The Australia-China relationship has stabilized following years of geopolitical and trade turbulence, paving the way for further cooperation, including joint initiatives in Asia. One notable opportunity lies in Southeast Asia’s transition to an electrified future.
Many Southeast Asian countries have committed to achieving net-zero carbon emissions, with electrification of end-user sectors, such as transport, being a key strategy. According to the International Renewable Energy Agency, Southeast Asia is expected to experience rapid electrification, with electricity accounting for over half of its energy consumption by 2050, up from 22% in 2018. This transition is anticipated to drive a significant increase in electric vehicle (EV) sales, reaching approximately 8.5 million units by 2035, as reported by EY-Parthenon.
The growing EV market in Southeast Asia presents opportunities for Chinese EV manufacturers, who are increasingly seeking growth abroad due to intense domestic competition. With Southeast Asia’s close economic ties to China and the challenging environment for Chinese companies in Western markets due to rising tariffs, interest in the region is expanding.
Chinese EV brands have gained considerable market share, growing from 38% in 2022 to over 70% in the past year. This expansion is supported by substantial Chinese investments in EV manufacturing and the upstream supply chain, including mining, mineral processing, and battery production. For example, Contemporary Amperex Technology (CATL), a leading Chinese battery maker, announced a nearly US$6 billion joint venture in Indonesia in 2022 to develop a comprehensive lithium-ion battery supply chain, covering mining, material processing, battery production, and recycling.
Other Chinese companies, such as CNGR Advanced Material, are involved in nickel and battery mineral production in Indonesia, while firms like NV Gotion, EVE Energy, and Senior Technology Material are making significant investments in battery manufacturing in Malaysia and Thailand. Additionally, there is increasing interest in key materials used in mobility batteries, such as aluminum and rare earth elements.
The influx of Chinese investment in battery manufacturing and upstream supply chains offers potential economic growth and job creation in Southeast Asia. However, it also brings environmental and social challenges, particularly related to mining activities. For instance, mining in Sulawesi, Indonesia, has raised concerns about environmental damage and disruptions to local communities, including the Bajau people.
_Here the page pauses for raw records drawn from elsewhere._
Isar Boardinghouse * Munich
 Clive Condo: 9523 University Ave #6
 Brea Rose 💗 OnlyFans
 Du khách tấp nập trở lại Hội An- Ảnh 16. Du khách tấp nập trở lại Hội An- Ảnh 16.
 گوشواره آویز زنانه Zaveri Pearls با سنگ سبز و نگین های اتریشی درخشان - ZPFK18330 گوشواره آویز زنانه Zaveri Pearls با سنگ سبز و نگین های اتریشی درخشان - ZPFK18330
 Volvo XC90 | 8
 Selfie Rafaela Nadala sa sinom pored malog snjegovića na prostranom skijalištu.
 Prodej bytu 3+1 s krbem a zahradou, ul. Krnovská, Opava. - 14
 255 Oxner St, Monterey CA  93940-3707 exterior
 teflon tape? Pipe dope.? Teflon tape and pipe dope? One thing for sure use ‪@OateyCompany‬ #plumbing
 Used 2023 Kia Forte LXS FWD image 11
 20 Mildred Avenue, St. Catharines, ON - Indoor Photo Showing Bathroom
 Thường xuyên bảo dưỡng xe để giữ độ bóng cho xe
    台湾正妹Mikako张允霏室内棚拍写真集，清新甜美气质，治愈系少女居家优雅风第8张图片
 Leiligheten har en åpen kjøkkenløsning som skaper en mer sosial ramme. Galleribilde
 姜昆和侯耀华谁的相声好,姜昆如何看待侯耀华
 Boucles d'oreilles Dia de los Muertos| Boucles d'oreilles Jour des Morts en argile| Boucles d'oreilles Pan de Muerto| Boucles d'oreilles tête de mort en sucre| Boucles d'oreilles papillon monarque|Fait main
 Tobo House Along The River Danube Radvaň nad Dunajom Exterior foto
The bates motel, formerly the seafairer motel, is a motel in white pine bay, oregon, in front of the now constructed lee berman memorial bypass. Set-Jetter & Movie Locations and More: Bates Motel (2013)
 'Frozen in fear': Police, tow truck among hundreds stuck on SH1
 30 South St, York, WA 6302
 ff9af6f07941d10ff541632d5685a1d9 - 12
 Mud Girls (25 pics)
Effective management of these challenges is crucial to ensure that the transition to an electrified future does not compromise environmental and social standards. Australia, with its expertise in waste management, mine site rehabilitation, and community engagement, can play a significant role in integrating responsible practices into the region’s mining and processing activities.
Chinese investments in Australia’s mining sector have generally faced fewer socio-environmental issues, likely due to the expertise of local management in implementing sustainable practices. A potential South-South-North cooperation model could facilitate the integration of these practices in Southeast Asia.
Such collaboration could benefit Australian companies and investors, given Australia’s reserves of key minerals like lithium and bauxite. By leveraging their collective strengths, Australia, China, and Southeast Asia could build a regional clean tech ecosystem with diverse and resilient supply chains.
Despite potential geopolitical tensions, historical precedents suggest that Australia, as a middle power, can effectively engage with major powers, mediate conflicts, and foster multipolarity. Successful trilateral cooperation in battery and mineral supply chains could serve as a model for global collaboration towards a sustainable future.